▶ _Collected material_:
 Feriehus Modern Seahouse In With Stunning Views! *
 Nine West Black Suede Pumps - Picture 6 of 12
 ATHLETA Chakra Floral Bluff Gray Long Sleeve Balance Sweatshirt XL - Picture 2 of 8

▶ _Problem to solve_:
Return the material exactly. Leave out no line.

▶ _Your solution_:
 Feriehus Modern Seahouse In With Stunning Views! *
 Nine West Black Suede Pumps - Picture 6 of 12
 ATHLETA Chakra Floral Bluff Gray Long Sleeve Balance Sweatshirt XL - Picture 2 of 8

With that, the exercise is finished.